Setelah perang, penyiaran radio komersial dimulai pada 1920-an dan menjadi media massa penting untuk hiburan dan berita. David Sarnoff, eksponen awal radio siaran, membujuk Radio Corporation of America untuk memulai layanan penyiaran AM yang semakin populer. Perang Dunia II kembali mempercepat pengembangan radio untuk keperluan perang udara dan komunikasi darat, navigasi radio dan radar.

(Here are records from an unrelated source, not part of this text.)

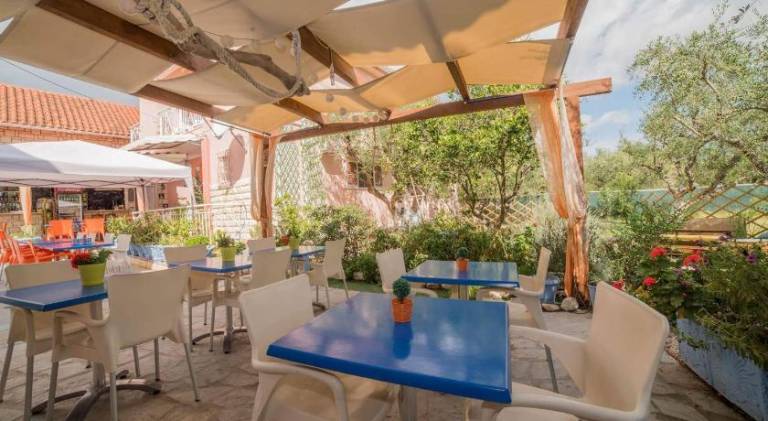 Serviced apartment with pool, patio & grill — photo 4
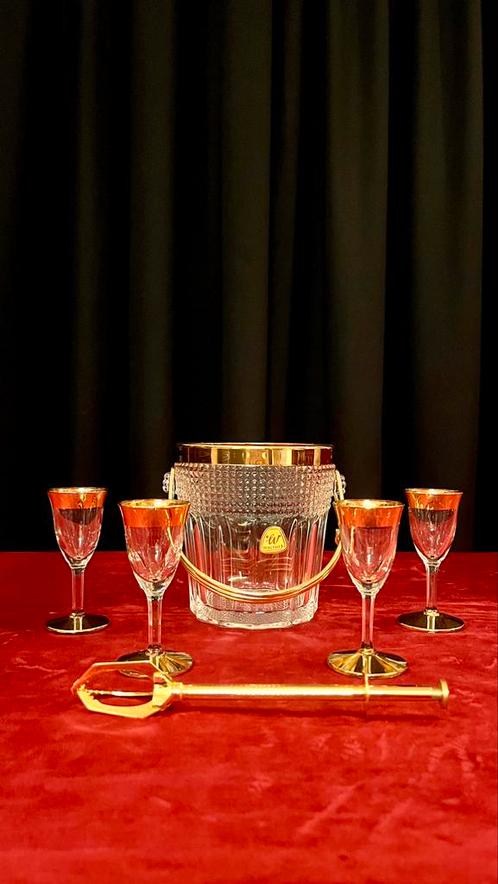 Vintage ijsemmer(walther)met ijstang en 4 kleine glazen,goud, Antiquités & Art, Antiquités | Verre & Cristal, Enlèvement ou Envoi
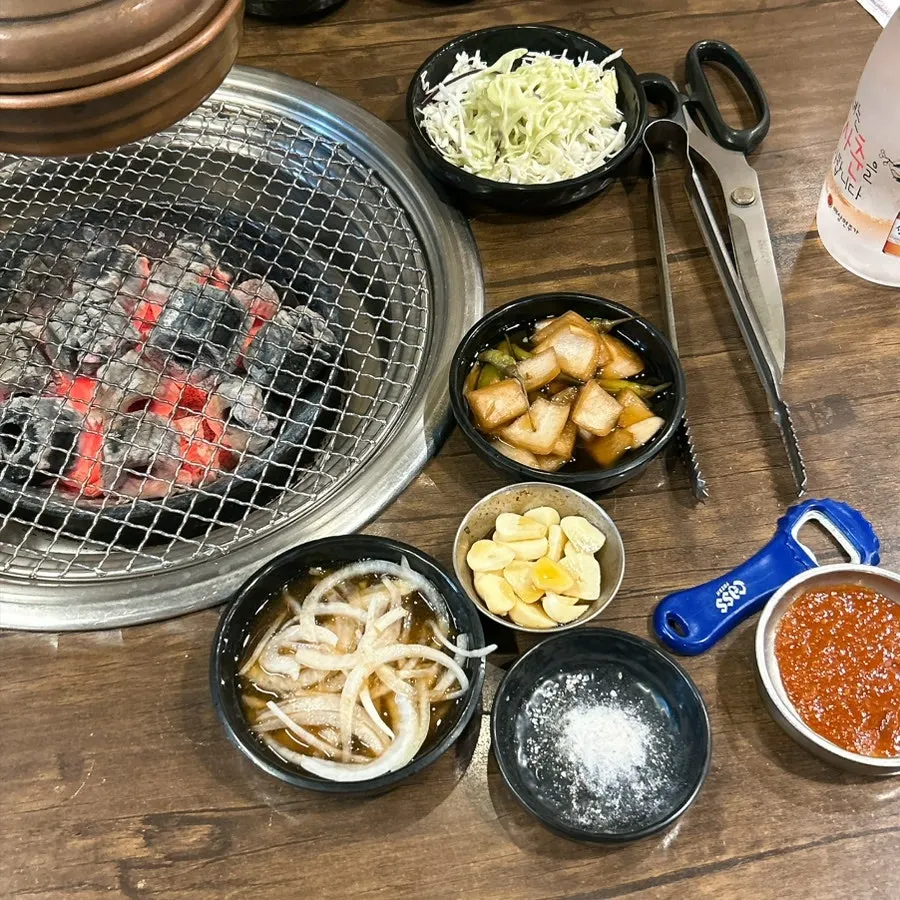 Menu board at Mapo Mokjang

Setelah perang, percobaan di televisi yang telah terganggu dilanjutkan dan ini juga menjadi media siaran hiburan rumah yang penting. Penyiaran radio FM stereo berlangsung dari tahun 1930an dan seterusnya di Amerika Serikat dan menggantikan AM sebagai standar komersial yang dominan pada tahun 1960an, dan pada tahun 1970an di Inggris Raya.

Penggunaan Radio

Penggunaan awal adalah maritim, karena mengirim pesan telegraf menggunakan kode Morse antara kapal dan darat. Pengguna paling awal termasuk Angkatan Laut Jepang yang mengintai armada Rusia selama Pertempuran Tsushima pada tahun 1905. Salah satu kegunaan telegrapi laut yang paling berkesan adalah saat tenggelamnya kapal Titanic RMS pada tahun 1912, termasuk komunikasi antara operator di kapal tenggelam dan kapal-kapal di dekatnya, dan komunikasi ke stasiun pantai mencantumkan korban selamat.

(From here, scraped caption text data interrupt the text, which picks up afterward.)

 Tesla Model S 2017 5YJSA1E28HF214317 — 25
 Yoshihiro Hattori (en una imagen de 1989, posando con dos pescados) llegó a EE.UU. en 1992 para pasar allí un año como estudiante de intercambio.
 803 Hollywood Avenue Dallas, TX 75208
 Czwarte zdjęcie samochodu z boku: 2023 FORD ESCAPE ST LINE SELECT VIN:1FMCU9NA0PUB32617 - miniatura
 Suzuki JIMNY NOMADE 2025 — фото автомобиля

Radio digunakan untuk menyampaikan perintah dan komunikasi antara tentara dan angkatan laut di kedua belah pihak dalam Perang Dunia I. Jerman menggunakan komunikasi radio untuk pesan diplomatik setelah menemukan bahwa kabel kapal selamnya telah disadap oleh Inggris. Amerika Serikat menyerahkan empat belas Poin Presiden Woodrow Wilson ke Jerman melalui radio selama perang.

Penyiaran dimulai dari San Jose, California pada tahun 1909, dan menjadi layak di tahun 1920an, dengan diperkenalkannya secara luas penerima radio, khususnya di Eropa dan Amerika Serikat. Selain penyiaran, penyiaran point-to-point, termasuk pesan telepon dan relay program radio, tersebar luas pada tahun 1920 dan 1930an. Penggunaan radio lainnya pada masa pra-perang adalah pengembangan deteksi dan penempatan pesawat terbang dan kapal dengan menggunakan radar (RAdio Detection And Ranging).

Saat ini, radio menggunakan banyak bentuk, termasuk jaringan nirkabel dan komunikasi bergerak dari semua jenis, serta siaran radio. Sebelum munculnya televisi, siaran radio komersial tidak hanya mencakup berita dan musik, tapi drama, komedi, variety show, dan banyak bentuk hiburan lainnya (era dari akhir 1920an sampai pertengahan 1950an biasanya disebut “Golden Age”). Radio unik antara metode presentasi dramatis karena hanya suara yang digunakan.

Nah, itulah penjelasan mengenai radio. Jika ada kekurangan mohon dimaklumi ya. Terima kasih telah membaca artikel diatas. Semoga penjelasan mengenai radio diatas bisa bermanfaat dan menambah wawasan ya.